--- What this task involves ---
The answer must consist solely of the lines from the one containing "למה אנחנו לא יכולים לאכול רק ממתקים?" through the last line of the records, set down exactly and without any pictures.

Data records:
'''
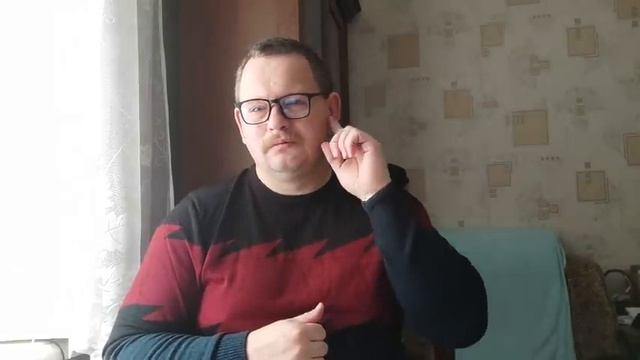 Внук продал долю в квартире,новые сожители пытались выкупить бабушкину часть за безценок.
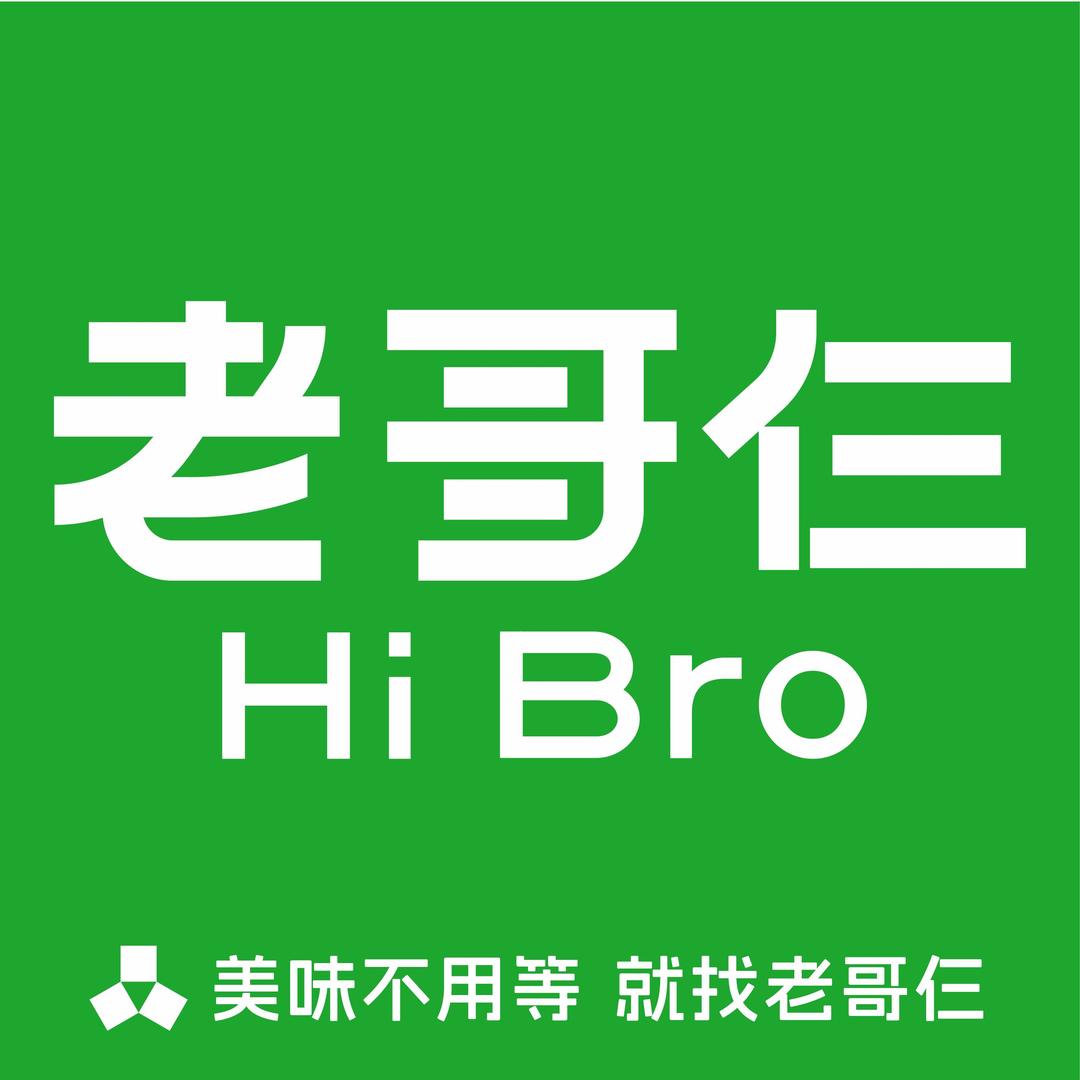 老哥仨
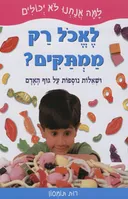 למה אנחנו לא יכולים לאכול רק ממתקים?
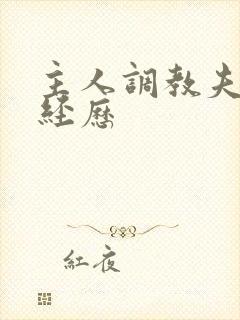 主人调教夫妻奴经历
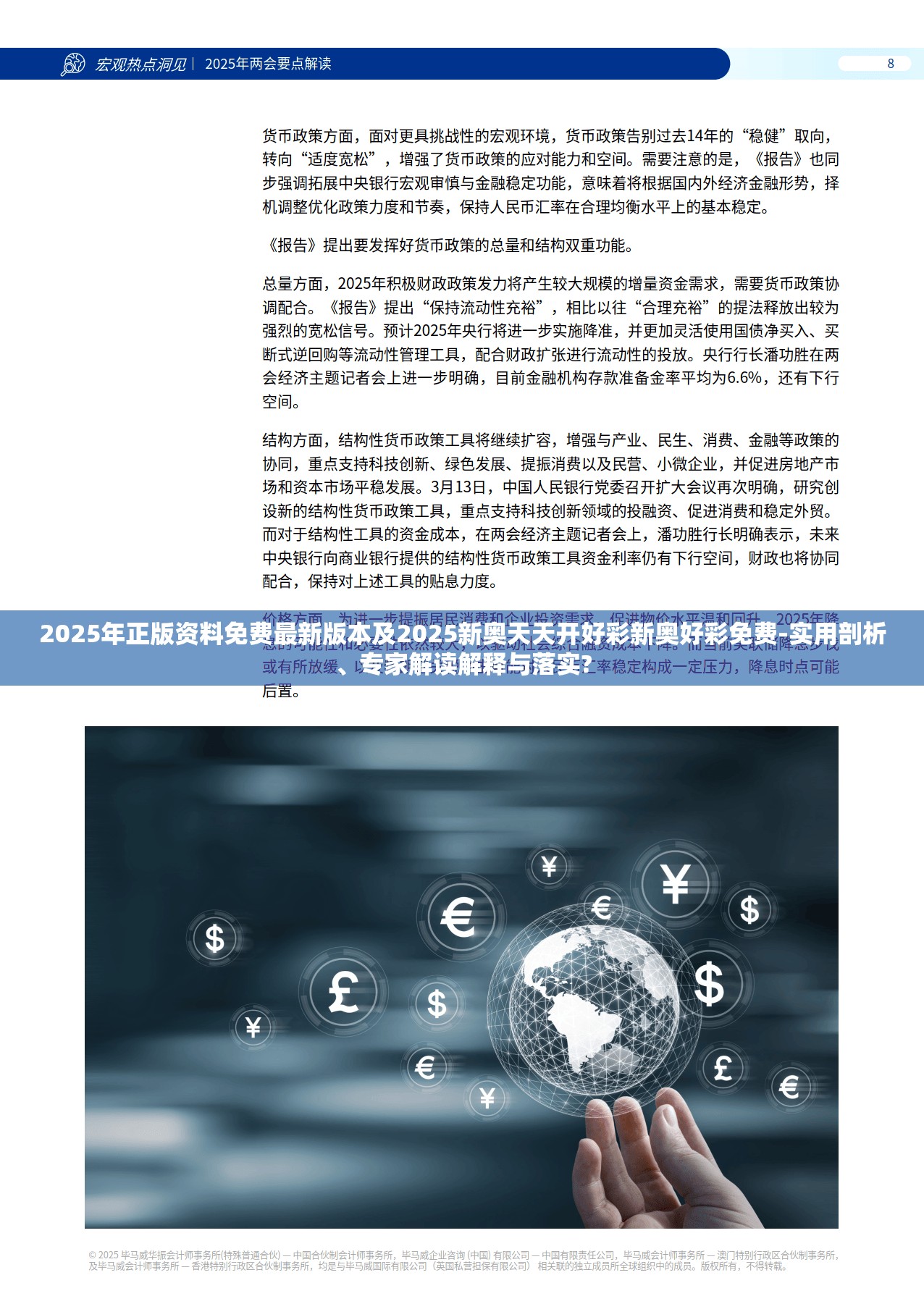 2025年正版资料免费最新版本及2025新奥天天开好彩新奥好彩免费-实用剖析、专家解读解释与落实?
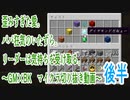 ごみ箱マイクラ切り抜き ～パパの気持ちとナイの答え～【GM×BK】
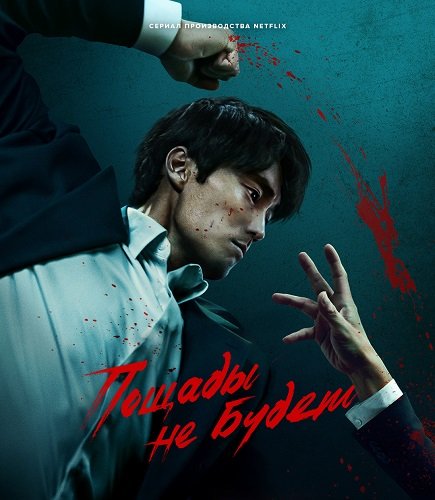 Пощады не будет (1 сезон)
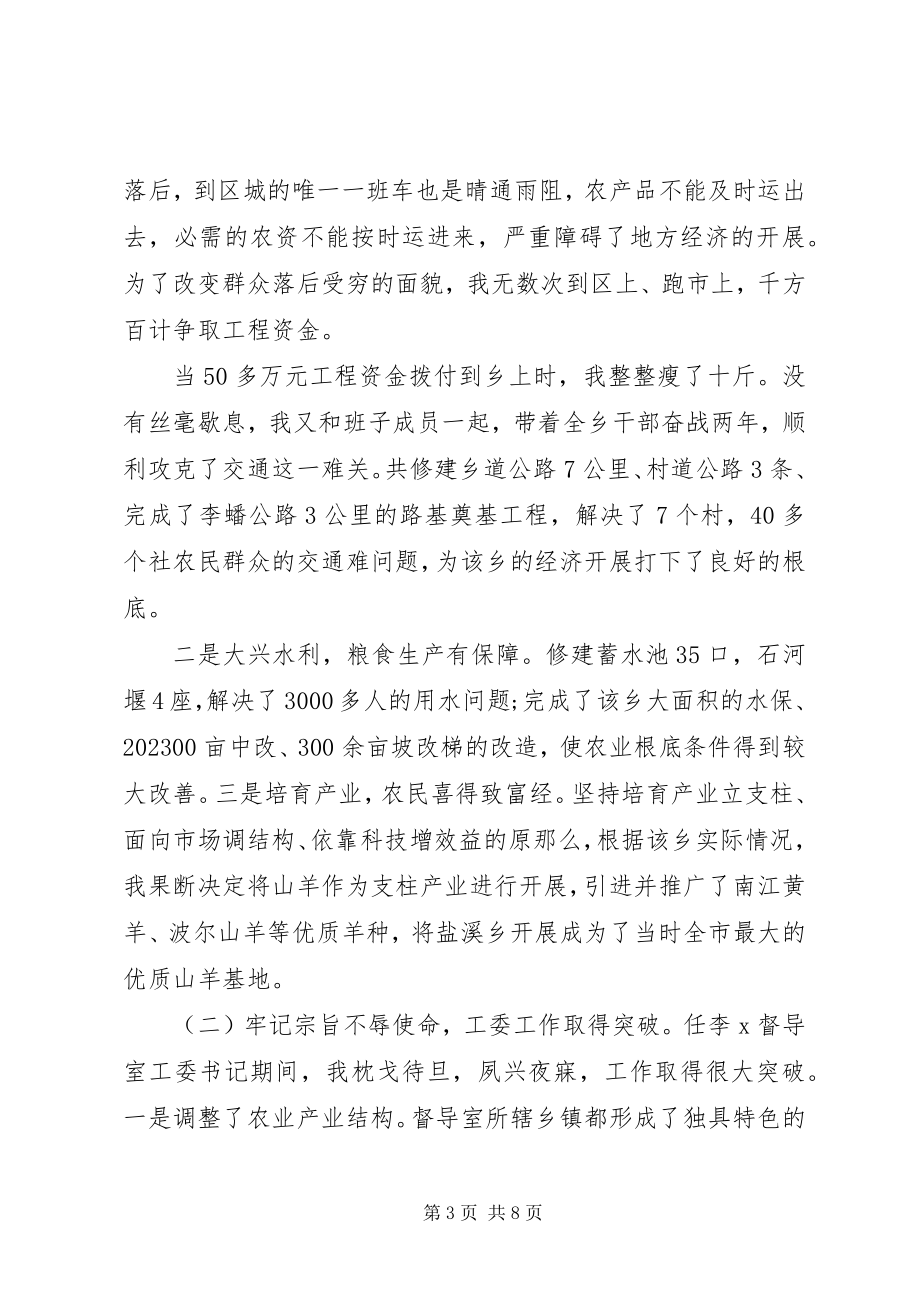 2023年乡镇民政个人年度工作总结.docx_第3页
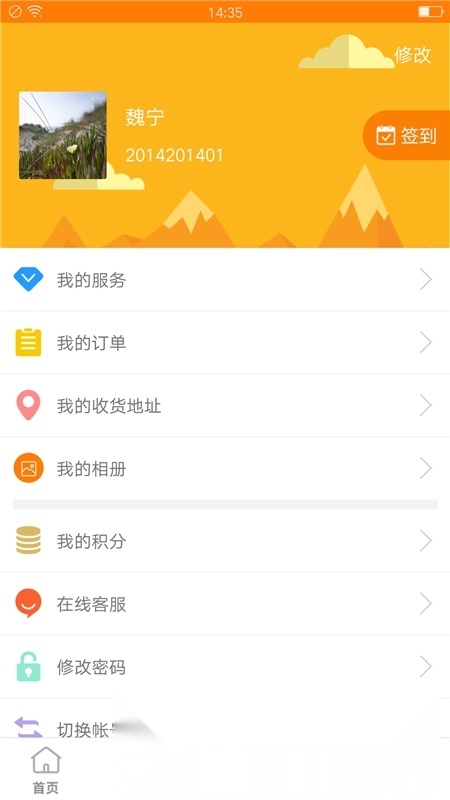 教育十通用版图1
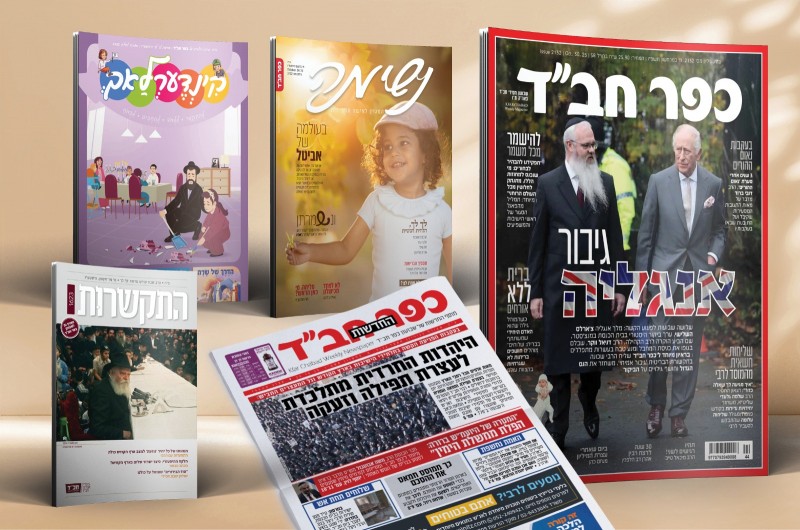 שפע של תוכן: זה מה שממתין להם השבוע בחבילת  'כפר חב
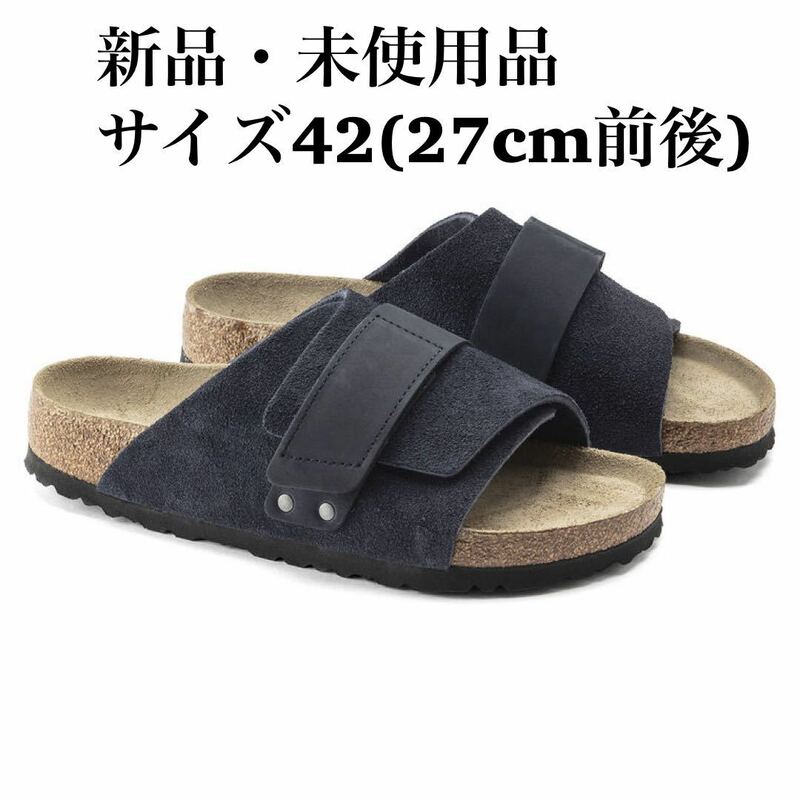 BIRKENSTOCK ビルケンシュトック Kyoto キョウト ミッドナイト ネイビー 42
'''
--- Finished exercise ---
 למה אנחנו לא יכולים לאכול רק ממתקים?
 主人调教夫妻奴经历
 2025年正版资料免费最新版本及2025新奥天天开好彩新奥好彩免费-实用剖析、专家解读解释与落实?
 ごみ箱マイクラ切り抜き ～パパの気持ちとナイの答え～【GM×BK】
 Пощады не будет (1 сезон)
 2023年乡镇民政个人年度工作总结.docx_第3页
 教育十通用版图1
 שפע של תוכן: זה מה שממתין להם השבוע בחבילת  'כפר חב
 BIRKENSTOCK ビルケンシュトック Kyoto キョウト ミッドナイト ネイビー 42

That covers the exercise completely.